Mon Corps spirituel et absolu [sac-cid-ananda-vigraha] ressemble en tous points à la forme humaine, mais ce n'est pas un corps matériel; il est inconcevable. Je ne suis pas contraint par la nature d'accepter un type particulier de corps; c'est de Mon plein gré que Je choisis la Forme sous laquelle J'apparais. Mon coeur est également spirituel, et Je suis toujours plein de bienveillance envers Mes dévots. Aussi peut-on découvrir en Mon coeur la voie du service le dévotion, destinée aux bhaktas, alors que J'en ai rejeté l'irréligion (adharma) et les activités non dévotionnelles; elles n'exercent aucun attrait sur Moi. En raison de tous ces attributs divins, on M'adresse généralement des prières sous le nom de Rsabhadeva, le Seigneur Souverain, le meilleur de tout les être vivants.

TENEUR ET PORTEE

Les mots idam sariram mama durvibhavyam méritent, dans ce verset, de retenir notre attention. D'une façon générale, nous connaissons par expérience deux énergies, l'une matérielle et l'autre spirituelle. La première -terre, eau, feu, air, éther, mental, intelligence et faux ego- nous est plus ou moins familière, car en ce monde les corps de tous les êtres sont composés de ces éléments. A l'intérieur du corps matériel se trouve l'âme spirituelle, que nous ne pouvons voir avec nos yeux matériels. Lorsque nous parlons d'un corps fait d'énergie spirituelle, il nous est bien difficile de comprendre comment l'énergie spirituelle peut avoir un corps. On dit, par exemple, que le corps de Rsabhadeva est complètement spirituel, et un matérialiste aura bien du mal à comprendre cela.

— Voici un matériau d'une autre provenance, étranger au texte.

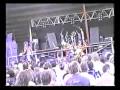 Tigertailz - Hollywood Killer - Live Mildenhall Speedway 1990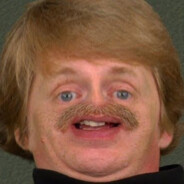 Syndrome of the Downs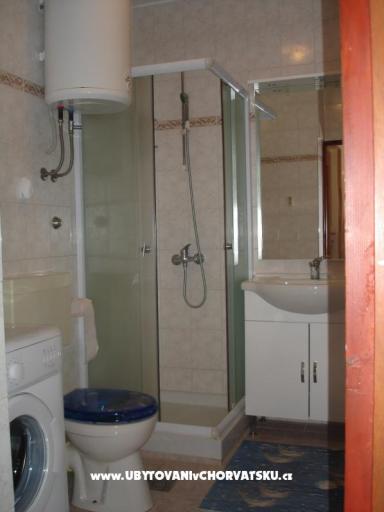 Apartamenty Vlah – foto 8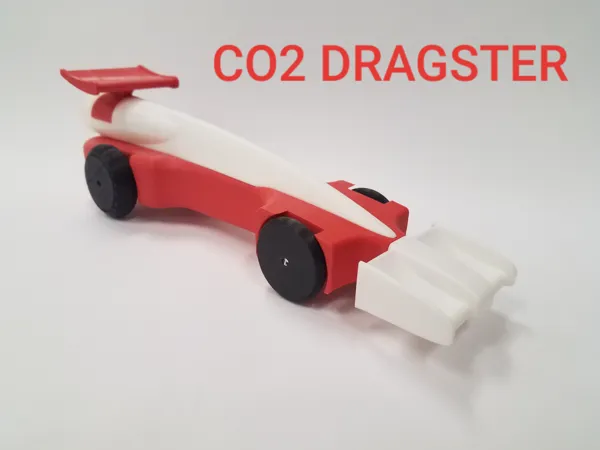 https://makerworld.bblmw.com/makerworld/model/US7de95146395c9d/design/2025-10-31_5574194404c22.jpg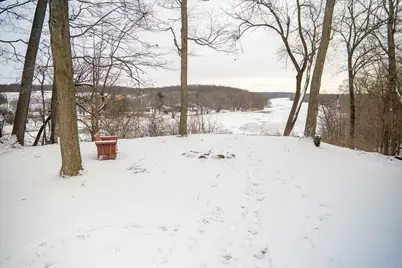 [Address not provided], Stillman Valley, IL 61084 - Photo 53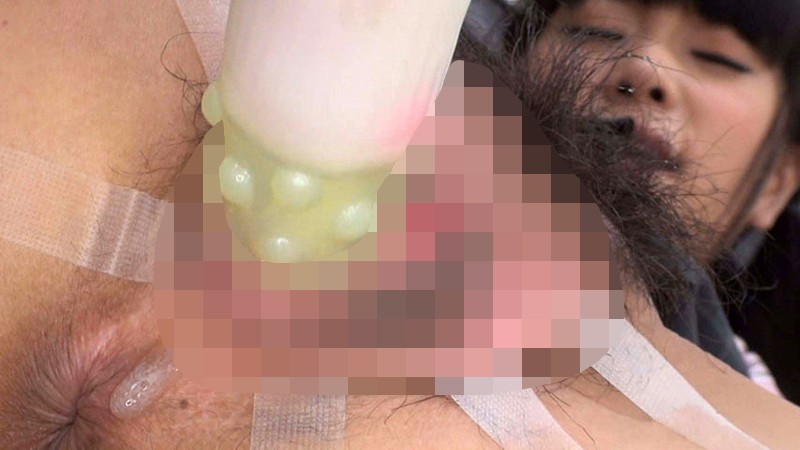 サンプル画像 10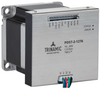 Stepper Motor Driver, 1-Ph, 2.8A, 1.01Nm; Coil Type Trinamic/analog Devices - 72AC6262 - Newark, An Avnet Company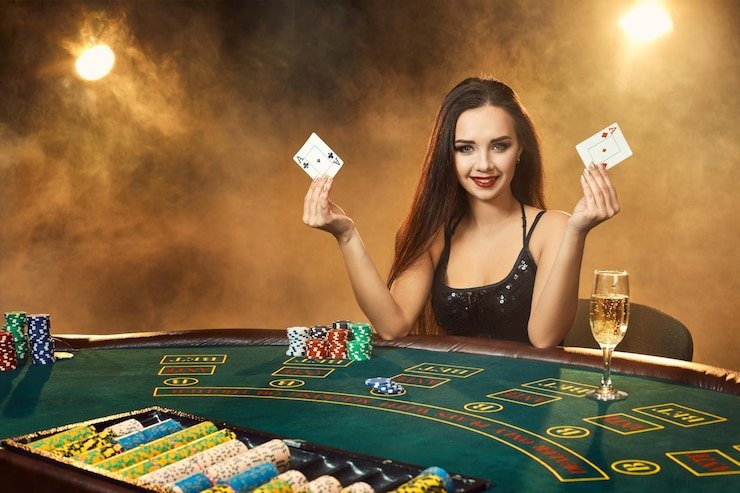 Langkah deposit cepat yang aman dan tertata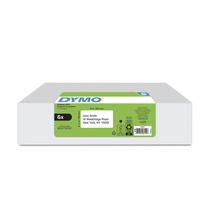 Etiquetas DYMO LW Standard para Impressoras LabelWriter Etiquetas DYMO LW Standard para Impressoras LabelWriter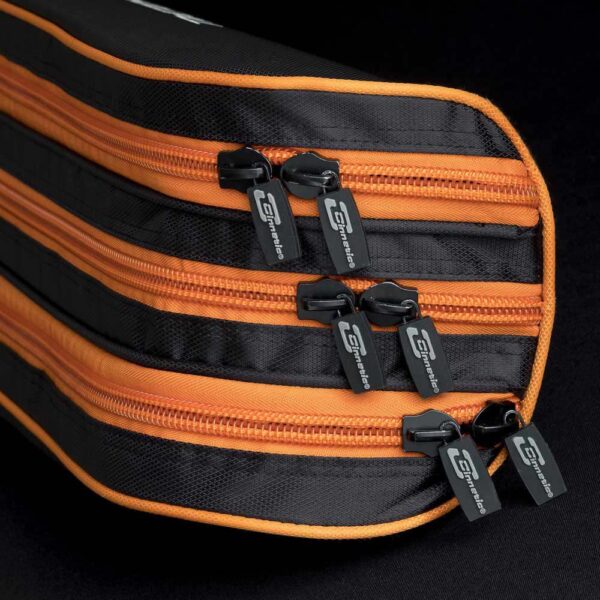 Cinnetic Triple Surf - Imagem 2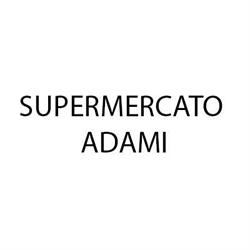 Supermercato Adami, Sommacampagna orari di apertura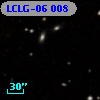 LCLG-06 008
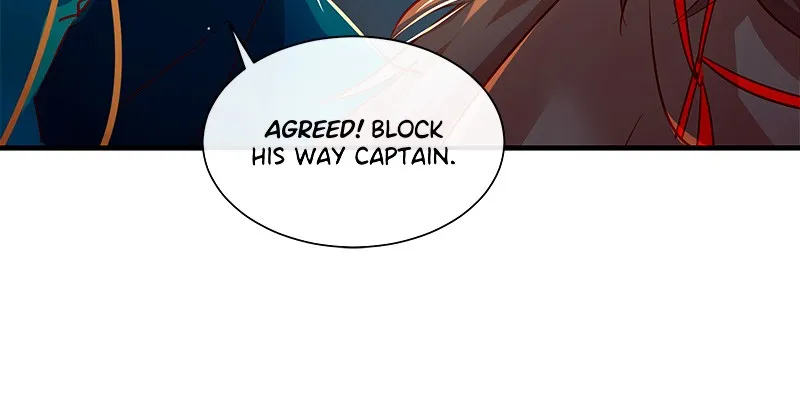 SubZero Chapter 143 page 81 - 
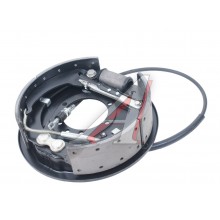 Опорный диск Г-3309 задн.правый 3309-3502008 в сборе (пр-во ГАЗ) Опорный диск Г-3309 задн.правый 3309-3502008 в сборе (пр-во ГАЗ)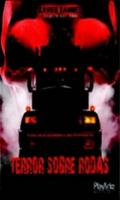 Terror Sobre Rodas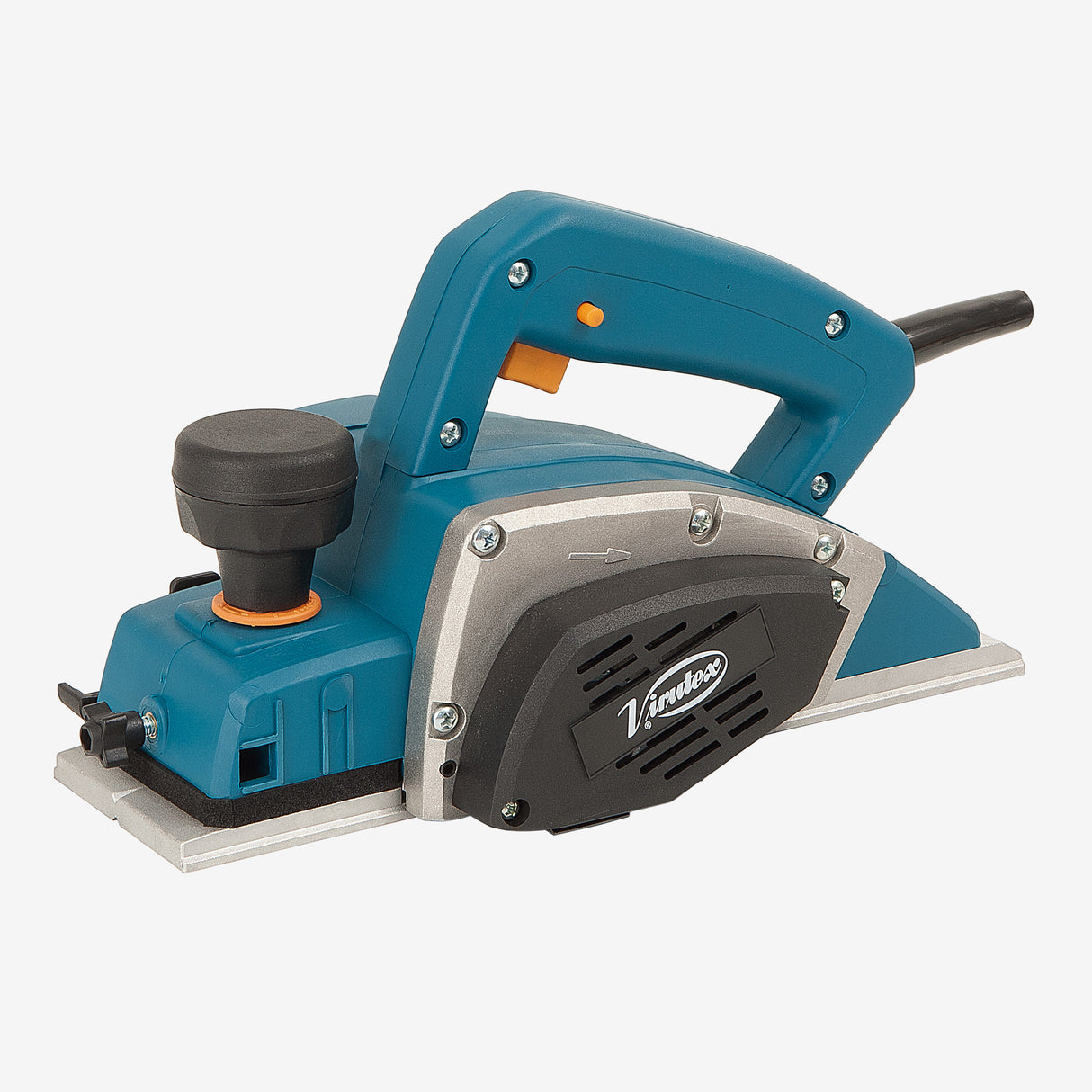 CEPILLADORA ABRASIVA CE23N 120V EE. UU.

Pour lui, un corps entièrement spirituel est quelque chose d'inconcevable. Aussi, lorsque notre expérience immédiate ne nous permet pas de comprendre une chose, nous devons accepter la version des Vedas. Comme le déclare la Brahma-samhita: isvarah paramah krsnah sac-cid-ananda -vigrahah -le Seigneur Suprême possède un Corps, une Forme, mais ce Corps n'est pas constitué par des éléments matériels; il est composé de vie, d'éternité et de félicité spirituelle. Grâce à Sa puissance inconcevable, Dieu, la Personne Suprême, peut apparaître devant nous dans Sa Forme spirituelle, originelle; mais parce que la notion de corps spirituel nous est étrangère, nous nous égarons parfois au point de considérer que la Forme du Seigneur est matérielle. Les philosophes mayavadis, pour 1eur part, sont tout à fait incapables de concevoir un corps spirituel. Ils prétendent que l'esprit est toujours impersonnel, et chaque fois qu'ils voient quelque chose de personnel, pour eux, il va de soi que c'est matériel. A ce propos la Bhagavad-gita (IX.11) déclare:

avajananti mam mudha
manusim tanum asritam
param bhavam ajananto
mama bhuta-mahesvaram

"Les sots Me dénigrent lorsque, sous la forme humaine, Je descends en se monde. Ils ne savent rien de Ma nature spirituelle et absolue, ni de Ma suprématie totale."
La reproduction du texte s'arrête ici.